Every entry that follows must be written out exactly, apart from its pictures.
* * * * * * *
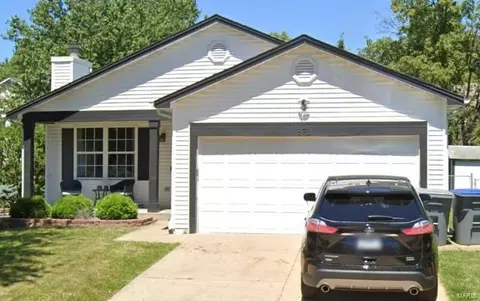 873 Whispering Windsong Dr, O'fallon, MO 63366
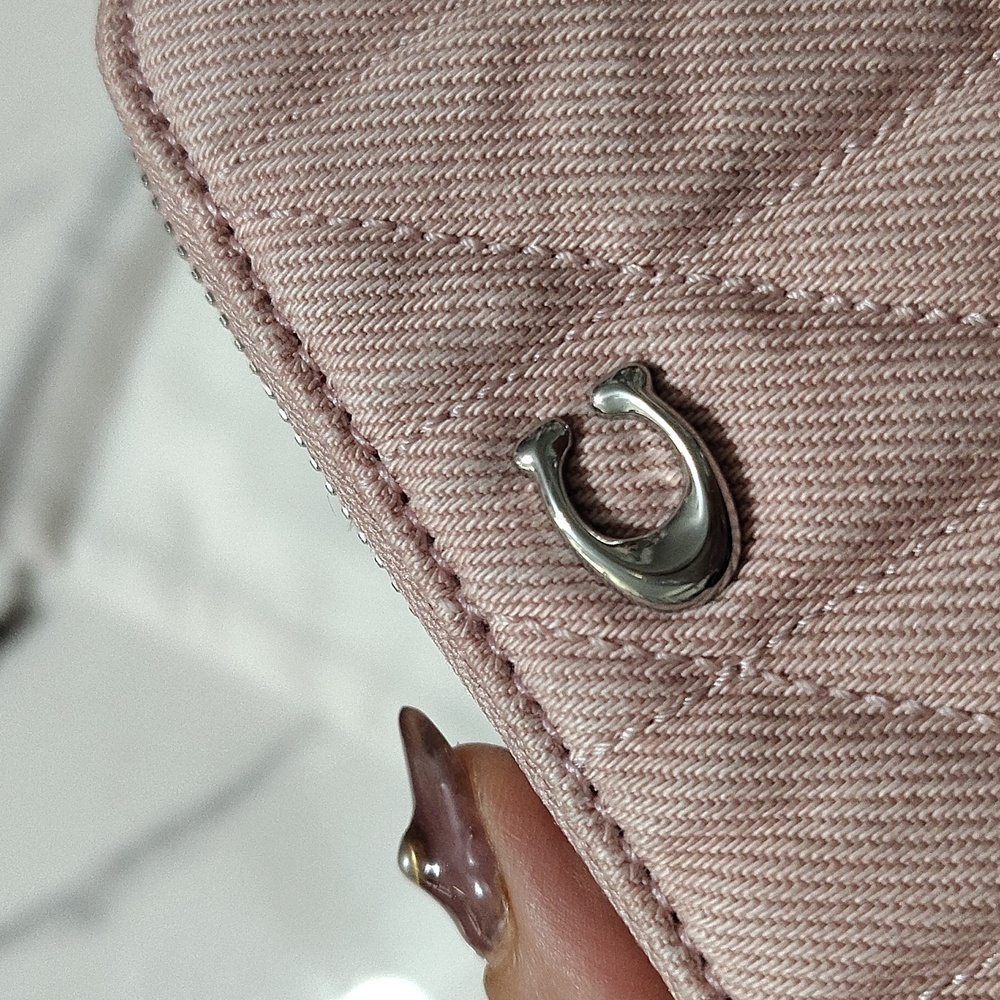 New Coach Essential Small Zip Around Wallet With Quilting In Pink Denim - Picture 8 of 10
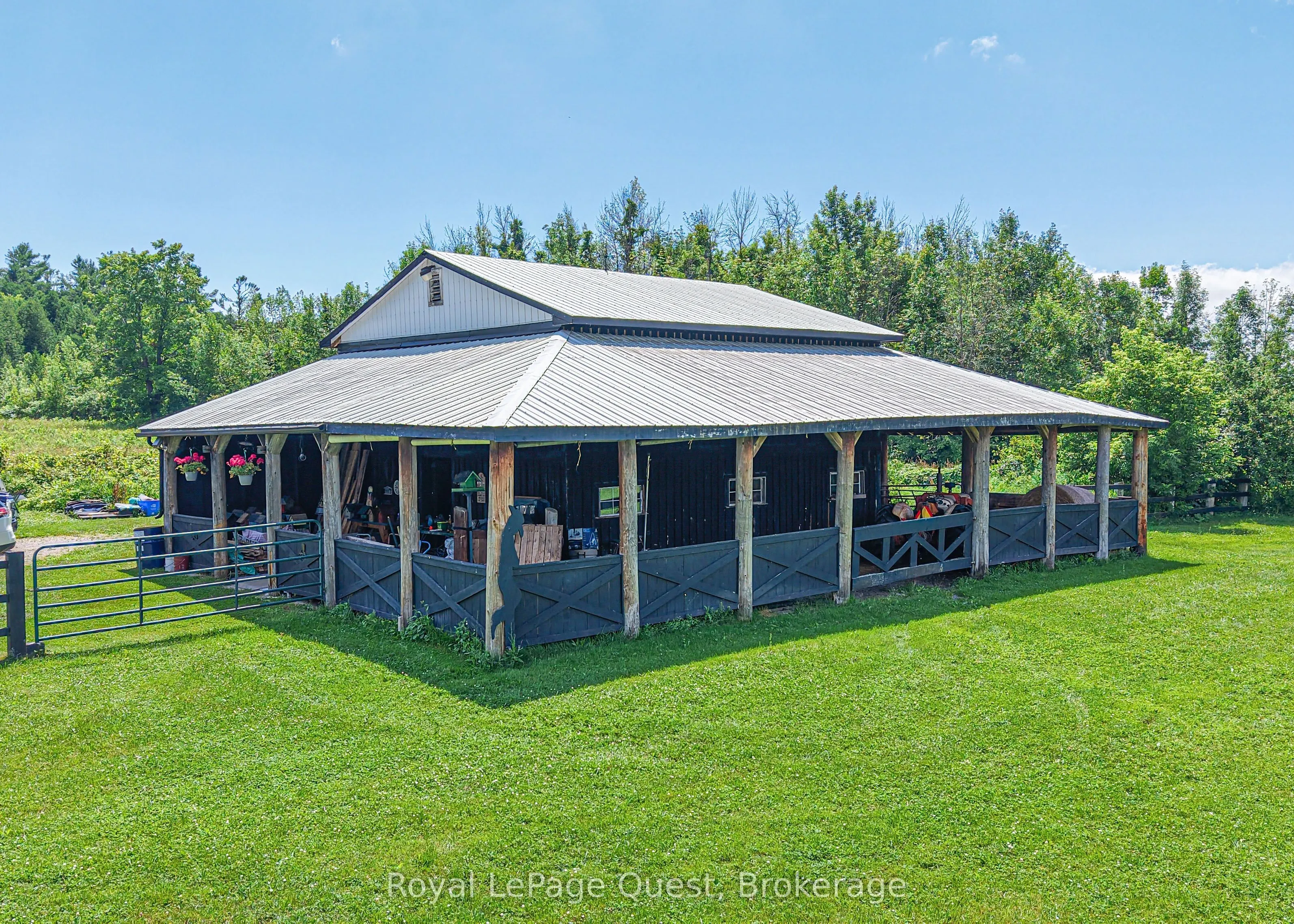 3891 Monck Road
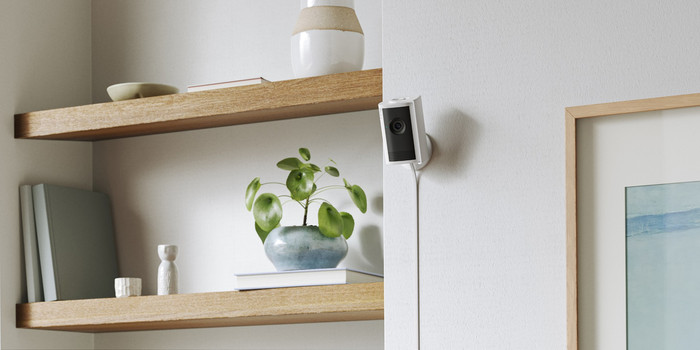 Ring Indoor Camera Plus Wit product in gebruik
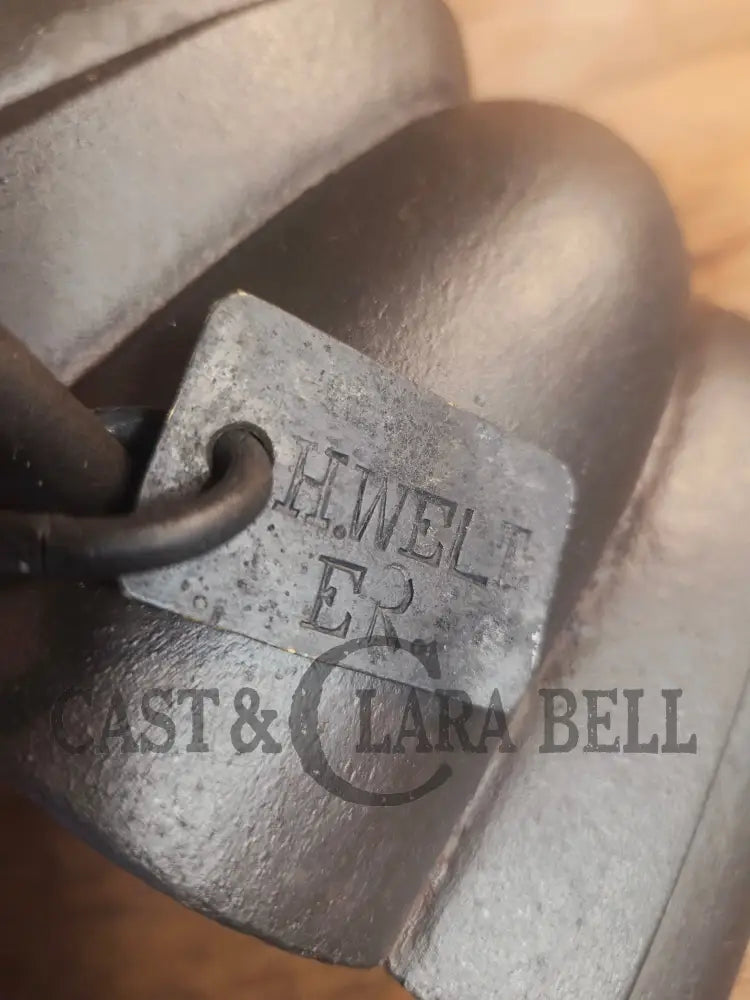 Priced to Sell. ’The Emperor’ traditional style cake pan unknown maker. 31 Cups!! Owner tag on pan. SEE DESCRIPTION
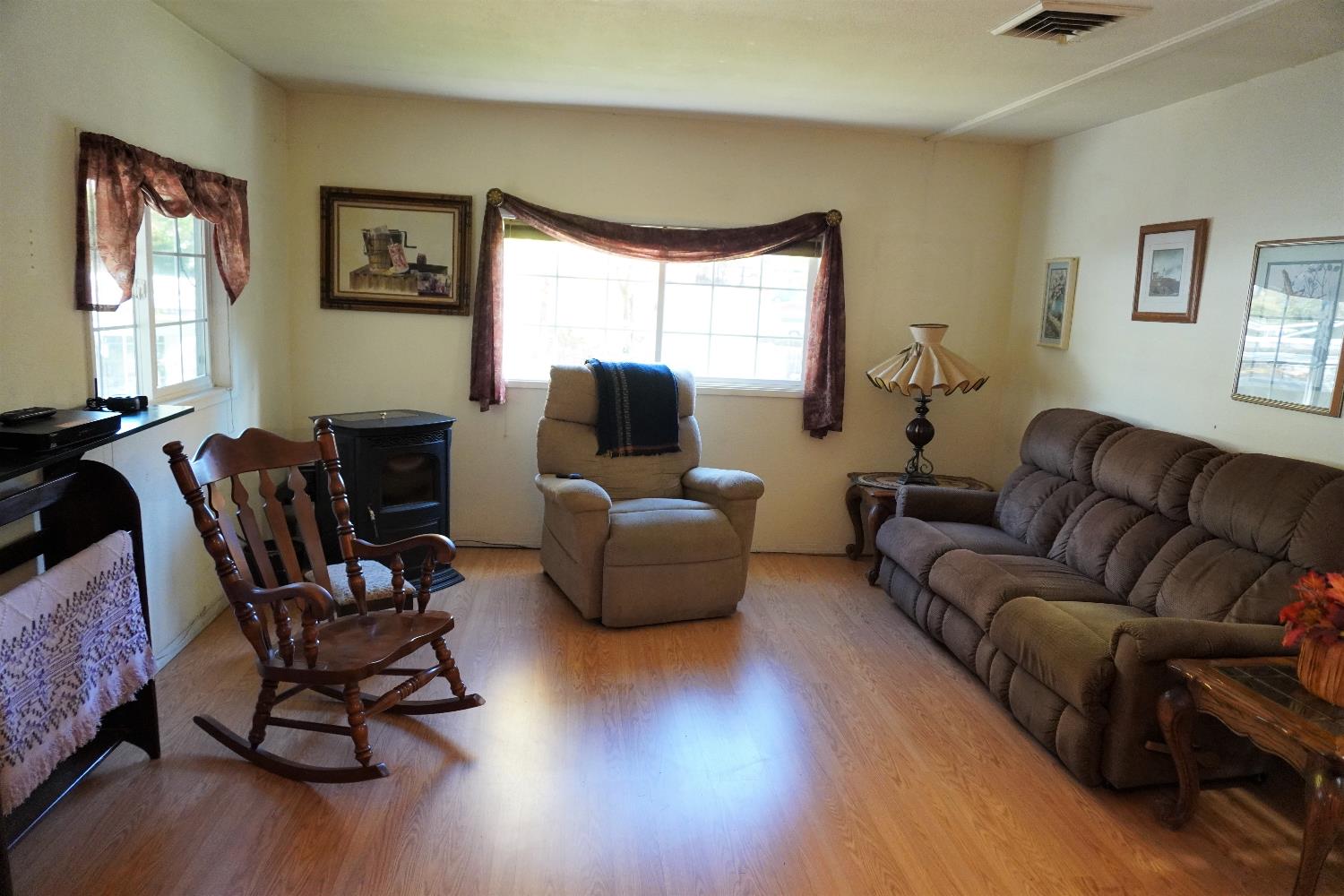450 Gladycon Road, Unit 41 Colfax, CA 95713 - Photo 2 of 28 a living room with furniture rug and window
* * * * * * *
**Your response:**
 873 Whispering Windsong Dr, O'fallon, MO 63366
 New Coach Essential Small Zip Around Wallet With Quilting In Pink Denim - Picture 8 of 10
 3891 Monck Road
 Ring Indoor Camera Plus Wit product in gebruik
 Priced to Sell. ’The Emperor’ traditional style cake pan unknown maker. 31 Cups!! Owner tag on pan. SEE DESCRIPTION
450 Gladycon Road, Unit 41 Colfax, CA 95713 - Photo 2 of 28 a living room with furniture rug and window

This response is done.